Nowy Rok 2013 po świątecznych rarytasach i popuszczeniu pasa rozpoczął się wagą 86,5 kg. Maskara!!! Od 2 stycznia jestem na diecie ułożonej przez dietetyczkę, do której postanowiłam chodzić. Niestety pomimo tego, że dziś trzeci dzień i jeszcze wczoraj byłam na siłowni (co prawda tylko półgodzinki ale zawsze to coś) to waga ani drgnie. A żeby było mało to wczoraj wieczorem wynosiła 88 kg! Na szczęście dziś rano wróciła do stanu początkowego czyli 86,5 kg. Ale to i tak jest więcej niż to od czego zaczynałam w sierpniu. Nie potrafię się jakoś wziąć w garść, a przecież powinnam mieć motywację, do 16 stycznia muszę zgubić chociaż ze 3 kg.
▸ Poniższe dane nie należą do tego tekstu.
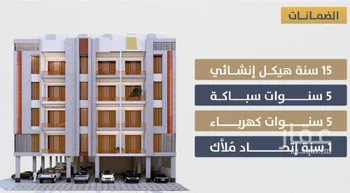 شقة للبيع في شارع احمد بن عيسي الغماري, حي الصواري, مدينة جدة, منطقة مكة المكرمة صورة 2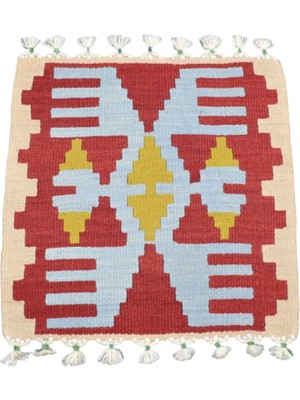 Kilim Antik El Dokuma Kare Köşe Sandalye Minderi Pınarbaşı Kayseri Yün Kilim 1702 - Yeni - Çok Renkli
Dziś mam dzień warzywny (tak ułożyła mi to Pani dietetyk), dni warzywne mają na celu obkurczyć żołądek więc co trzeci dzień jem zupę ugotowaną tylko z mrożonki, piję sok pomidorowy i jem gotowaną fasolkę szparagową. Szkoda, że to nie wiosna albo lato bo wtedy do wyboru byłoby jeszcze trochę smacznych warzyw sezonowych, a pomidory o tej porze są wyjątkowo mało smaczne.
a więc co dziś?
8:00 kawka z mlekiem i pół porcji zupy cebulowej
10:30 kubeczek barszczyku czerwonego (niestety z torebki więc to pewnie nie wskazane) i butelka soku pomidorowego
13:00 pół porcji zupy cebulowej + kawka z mlekiem
15:30 fasolka szparagowa + kubeczek barszczyku czerwonego
18:00 zupa ogórkowa z torebki
soualmia
4 stycznia 2013, 21:23do sukces udzie się krok po kroku - raz pod górkę a raz z górki - i nie waż się tak często tylko nastaw się pozytywnie a na wagę wskakuj 1 w tygodniu ;)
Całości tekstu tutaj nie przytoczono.